▶ **ASSIGNED TASK**:
Look below for the line that has "SAINT PIERRE - MAISON"; output exactly from it through the line that has "Shared Living/Roommate 3", and leave the pictures out.

▶ **RECORD EXTRACTS**:
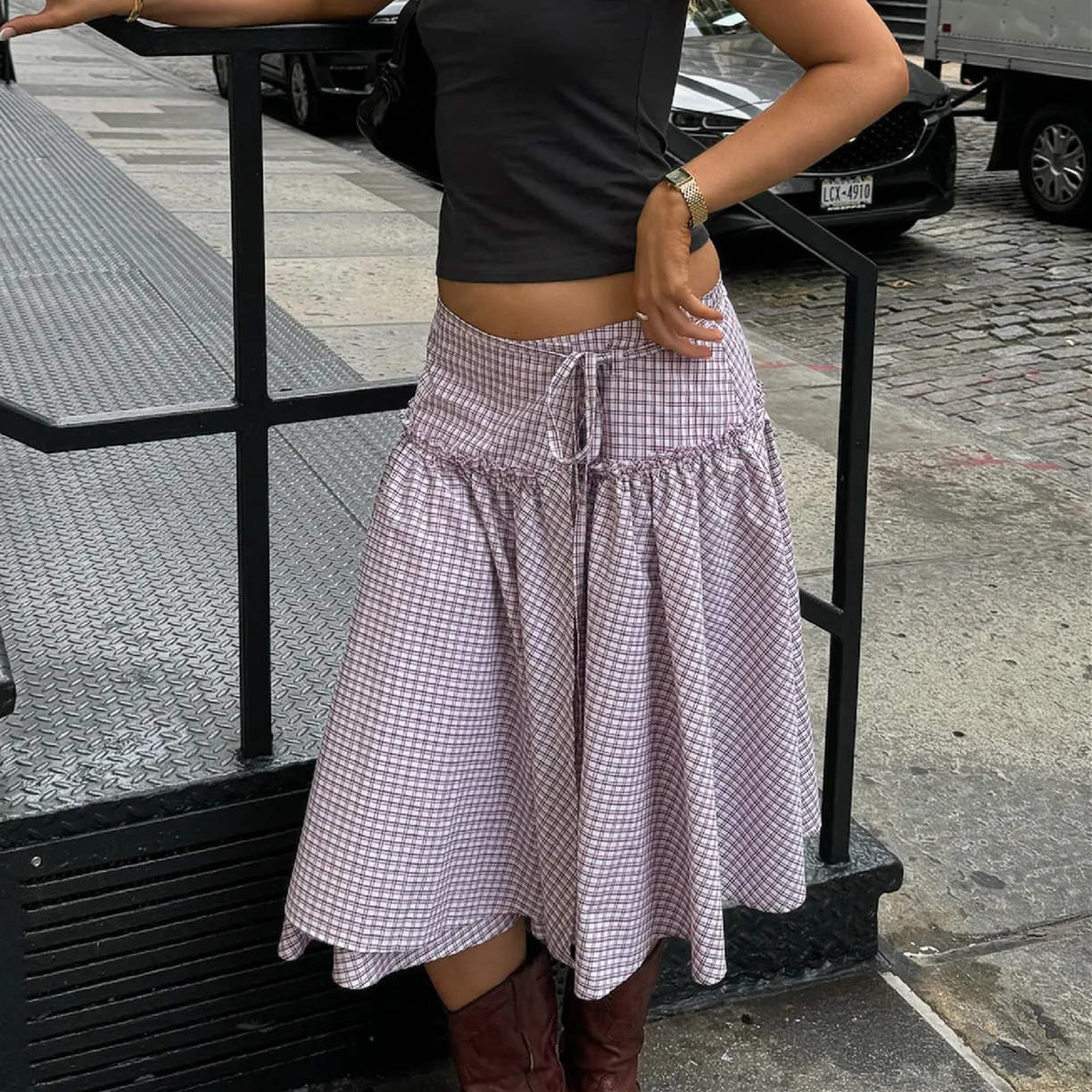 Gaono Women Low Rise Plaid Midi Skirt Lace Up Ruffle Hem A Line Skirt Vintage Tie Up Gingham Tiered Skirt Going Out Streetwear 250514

---

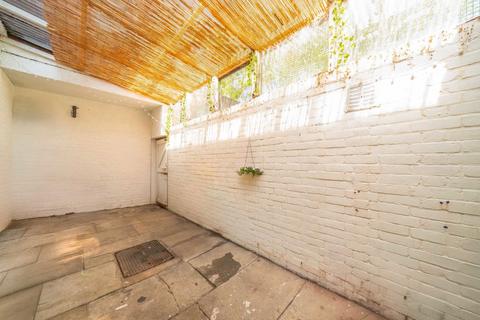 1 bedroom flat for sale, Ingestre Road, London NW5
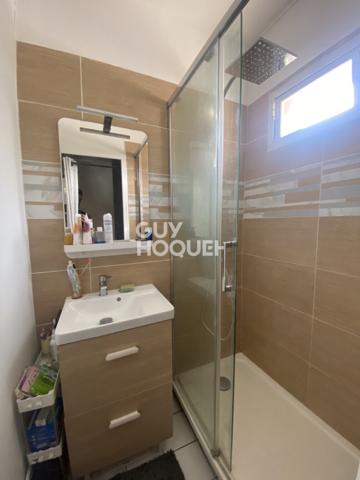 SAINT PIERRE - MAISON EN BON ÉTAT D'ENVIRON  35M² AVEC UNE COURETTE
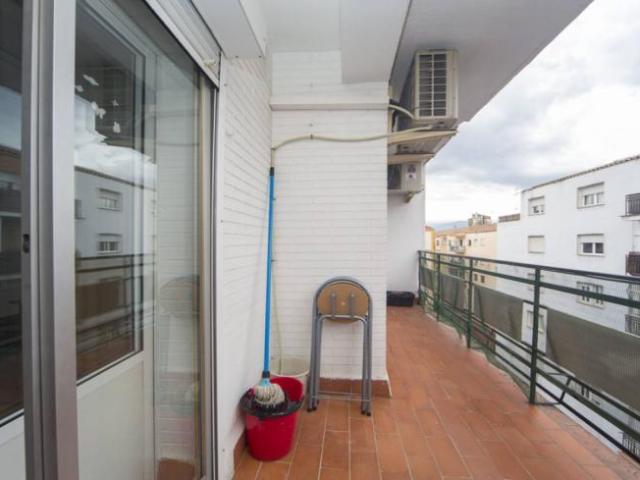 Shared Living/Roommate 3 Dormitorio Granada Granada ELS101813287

* * *

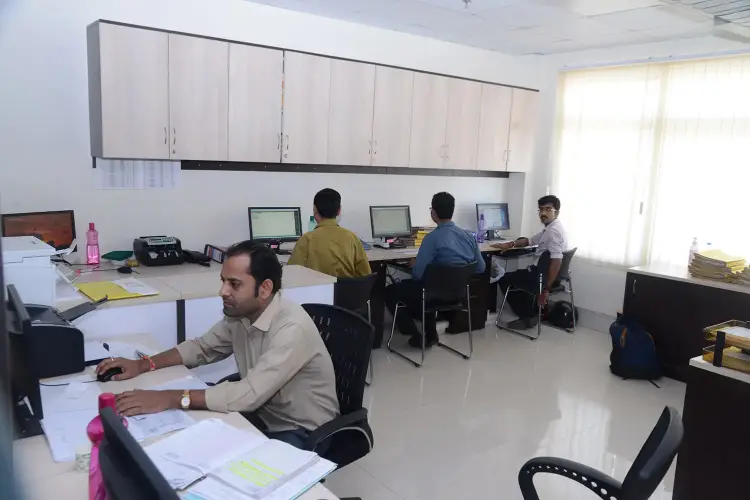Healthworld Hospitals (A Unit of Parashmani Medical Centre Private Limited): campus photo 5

▶ **EXERCISE OUTPUT**:
 SAINT PIERRE - MAISON EN BON ÉTAT D'ENVIRON  35M² AVEC UNE COURETTE
 Shared Living/Roommate 3 Dormitorio Granada Granada ELS101813287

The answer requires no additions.